Django model instances primary keys do not reset to 1 after all instances are deleted

pj2452 picture pj2452 · Jan 1, 2015 · Viewed 25.5k times · Source

I have been working on an offline version of my Django web app and have frequently deleted model instances for a certain ModelX.

I have done this from the admin page and have experienced no issues. The model only has two fields: name and order and no other relationships to other models.

New instances are given the next available pk which makes sense, and when I have deleted all instances, adding a new instance yields a pk=1, which I expect.

Moving the code online to my actual database I noticed that this is not the case. I needed to change the model instances so I deleted them all but to my surprise the primary keys kept on incrementing without resetting back to 1.

Going into the database using the Django API I have checked and the old instances are gone, but even adding new instances yield a primary key that picks up where the last deleted instance left off, instead of 1.
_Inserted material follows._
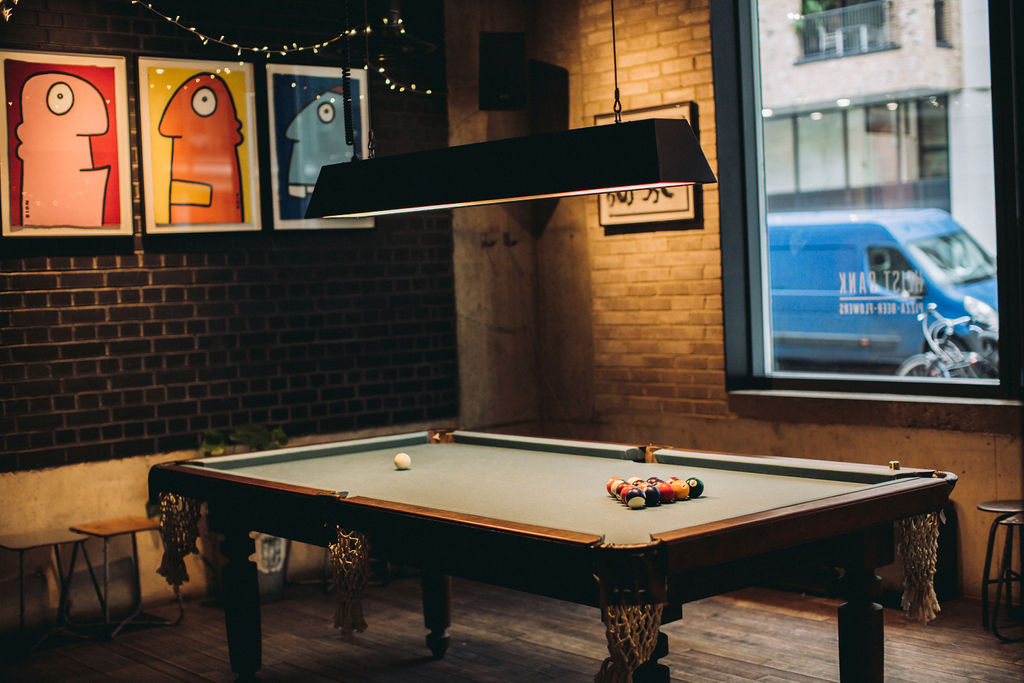 Stylish Heist Bank venue with pool table for team-building and networking events.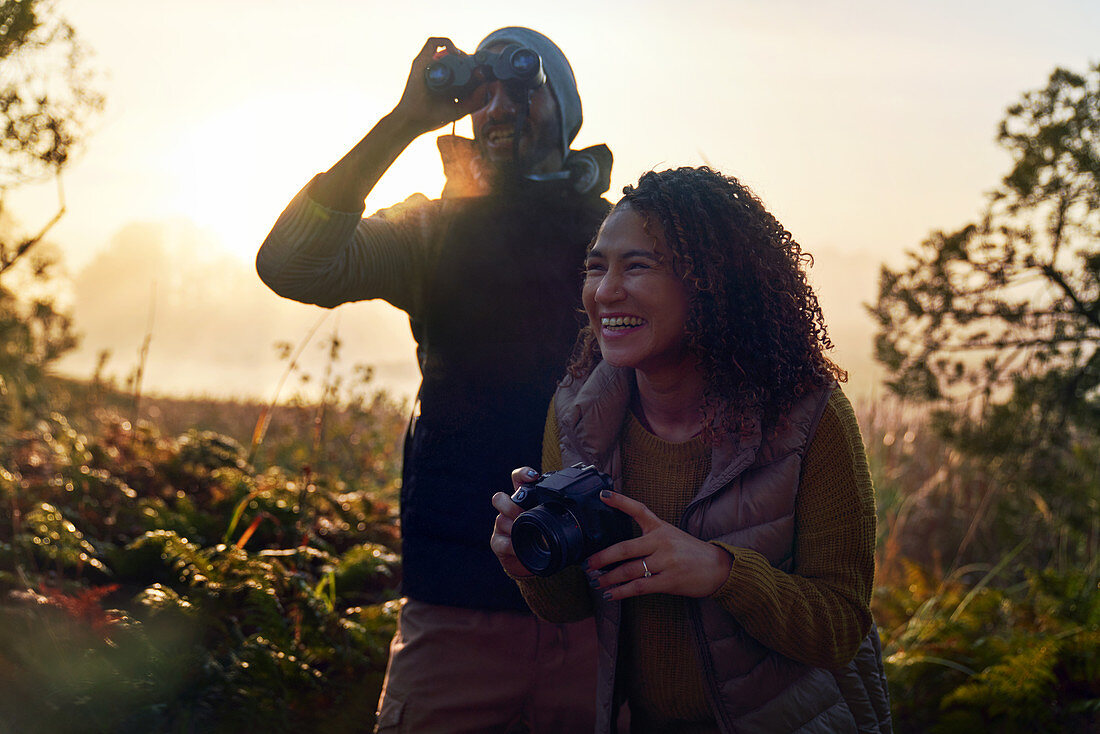 Happy hiking couple with binoculars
Wondering if anyone knows what might be the issue here.

Answer

knbk picture knbk · Jan 1, 2015

I wouldn't call it an issue. This is default behaviour for many database systems. Basically, the auto-increment counter for a table is persistent, and deleting entries does not affect the counter. The actual value of the primary key does not affect performance or anything, it only has aesthetic value (if you ever reach the 2 billion limit you'll most likely have other problems to worry about).

If you really want to reset the counter, you can drop and recreate the table:

python manage.py sqlclear <app_name> > python manage.py dbshell

Or, if you need to keep the data from other tables in the app, you can manually reset the counter:

python manage.py dbshell
mysql> ALTER TABLE <table_name> AUTO_INCREMENT = 1;

The most probable reason you see different behaviour in your offline and online apps, is that the auto-increment value is only stored in memory, not on disk. It is recalculated as MAX(<column>) + 1 each time the database server is restarted. If the table is empty, it will be completely reset on a restart. This is probably very often for your offline environment, and close to none for your online environment.